Go Down

Topic: How should I wire (and how do I control) a "A6276EA-T" to a arduino mega??? (Read 1 time) previous topic - next topic

TECH GEEK

How should I wire (and how do I control) a "A6276EA-T" to a arduino mega???
The "A6276EA-T" is a LED Driver with a total of 16 outputs

INFO about "A6276EA-T":

As always... Thanks for posting!!!

retrolefty

Great chip. I used two of them in series connection for a 5x5x5  led cube. Hardware interfacing is pretty simple, you just need three arduino digital outputs, one for clock, data, and latch pins. The intergrated constant current output stages are what really make this chip a component saver for led projects. Here is a the interrupt ISR code I used to shift 32 bits out to the two series connected shift registers upon every 2 millsec interrupt. I used the Mstimer2 library to generate the timing interrupts, so all 5 levels would be resfreshed every 10 millisecs. While I shifted out 32 bits for each level, only 25 were used (5x5 leds per level) as it was easier deal with full unsigned long variable arrays used to hold the pattern data.

Quote
// Start of Interrupt routine for driving a display cube row, all 5 rows (levels) are driven over a 10msec period (5 x 2msec)

void refresh_display() {
if (!updateinprogress) {
 unsigned long shiftdata = active_display[active_row]; // get row data for 25 leds
 unsigned long shiftmask = 1;

 for (byte i = 0; i < 32; i++) {                     // shift 32 bits (only 25 bits are wired up to cube) of data out for the 25 display columns

   if (shiftdata & shiftmask) {
     digitalWrite(dataPin, HIGH);
   }
   else {
     digitalWrite(dataPin, LOW);
   }

   digitalWrite(clockPin, HIGH);                     //  clock each bit into shift register
   digitalWrite(clockPin, LOW);

   shiftmask = shiftmask * 2;       //right shift bit mask one bit
 }

 if (active_row == 0) {
   digitalWrite(row4Pin, LOW);            // turn off row 4 driver if row 0 is now active, this is wrap around case
 }
 else {
   digitalWrite((active_row + 1), LOW);  // turn off driver from prior row update interrupt
 }

 digitalWrite(latchPin, HIGH);           // turn on shift register output pins, column drivers
 digitalWrite(latchPin, LOW);
 digitalWrite((active_row + 2), HIGH);   // turn on active row driver transistor

 // Set next active row number for next timer interrrupt  
 if (active_row >= 4) {  
   active_row = 0;  // wraparound case
   }
 else {
   active_row++;  // increament row number for next interrupt cycle
   }
}
}  // end of ISR code





Lefty

TECH GEEK

As always... Thanks for posting!!!

retrolefty


could u post how to wire one up? (minus the output pins)

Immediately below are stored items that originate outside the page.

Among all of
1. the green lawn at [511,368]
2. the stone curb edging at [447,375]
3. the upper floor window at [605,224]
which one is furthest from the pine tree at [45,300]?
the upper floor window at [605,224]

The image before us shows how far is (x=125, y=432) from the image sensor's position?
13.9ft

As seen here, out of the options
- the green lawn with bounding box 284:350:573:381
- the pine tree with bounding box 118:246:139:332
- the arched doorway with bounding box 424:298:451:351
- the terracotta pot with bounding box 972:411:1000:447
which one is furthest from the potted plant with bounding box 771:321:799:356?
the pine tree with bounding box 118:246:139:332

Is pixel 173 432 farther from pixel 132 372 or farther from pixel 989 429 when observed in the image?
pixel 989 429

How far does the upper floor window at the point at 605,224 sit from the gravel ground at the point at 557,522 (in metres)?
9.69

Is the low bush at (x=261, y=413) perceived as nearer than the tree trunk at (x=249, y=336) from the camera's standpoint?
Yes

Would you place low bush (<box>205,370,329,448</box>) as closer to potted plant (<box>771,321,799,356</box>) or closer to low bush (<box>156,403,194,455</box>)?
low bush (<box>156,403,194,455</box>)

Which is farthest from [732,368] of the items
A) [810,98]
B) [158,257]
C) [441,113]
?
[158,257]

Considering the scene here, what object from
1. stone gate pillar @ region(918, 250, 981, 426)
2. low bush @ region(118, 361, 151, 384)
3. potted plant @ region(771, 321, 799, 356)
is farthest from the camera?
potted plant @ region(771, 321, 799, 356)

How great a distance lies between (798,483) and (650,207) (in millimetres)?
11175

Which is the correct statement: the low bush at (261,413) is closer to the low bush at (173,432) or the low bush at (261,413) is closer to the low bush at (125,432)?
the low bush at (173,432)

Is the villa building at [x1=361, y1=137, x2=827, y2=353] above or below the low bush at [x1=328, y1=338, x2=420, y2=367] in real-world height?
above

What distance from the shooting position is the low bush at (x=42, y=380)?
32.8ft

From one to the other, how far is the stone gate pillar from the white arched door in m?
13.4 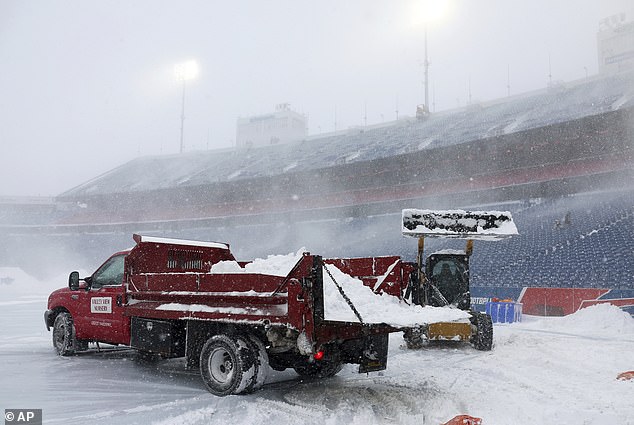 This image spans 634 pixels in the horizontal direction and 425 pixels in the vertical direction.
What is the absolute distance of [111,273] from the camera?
792cm

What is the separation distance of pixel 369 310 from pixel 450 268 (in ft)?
18.9

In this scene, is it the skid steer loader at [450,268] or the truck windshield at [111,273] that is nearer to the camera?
the truck windshield at [111,273]

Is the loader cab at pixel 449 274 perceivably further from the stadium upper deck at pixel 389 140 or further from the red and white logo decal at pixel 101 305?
the stadium upper deck at pixel 389 140

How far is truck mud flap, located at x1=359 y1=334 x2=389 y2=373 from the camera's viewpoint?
18.8 ft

I didn't draw a schematic for mind. I just wired it per the below schematic showing wiring the shift registers to a pic processor chip. You can download a pdf of the schematic shown a few pages down in the article.

http://picprojects.org.uk/projects/lc/index.htm#Schematic

Lefty

retrolefty



could u post how to wire one up? (minus the output pins)

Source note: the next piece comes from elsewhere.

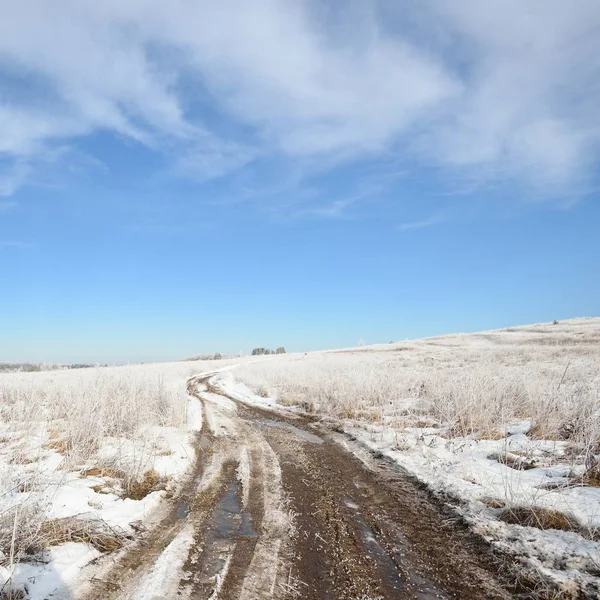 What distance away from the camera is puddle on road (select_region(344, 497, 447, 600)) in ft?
11.0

I didn't draw a schematic for mine. I just wired it per the below schematic showing wiring the shift registers to a pic processor chip. You can download a pdf of the schematic shown a few pages down in the article.

http://picprojects.org.uk/projects/lc/index.htm#Schematic

Lefty


TECH GEEK

As always... Thanks for posting!!!

retrolefty


is that the same chip?
it has a differant name...


It's a different chip from a different company, but both are identical in function and pin-out wiring.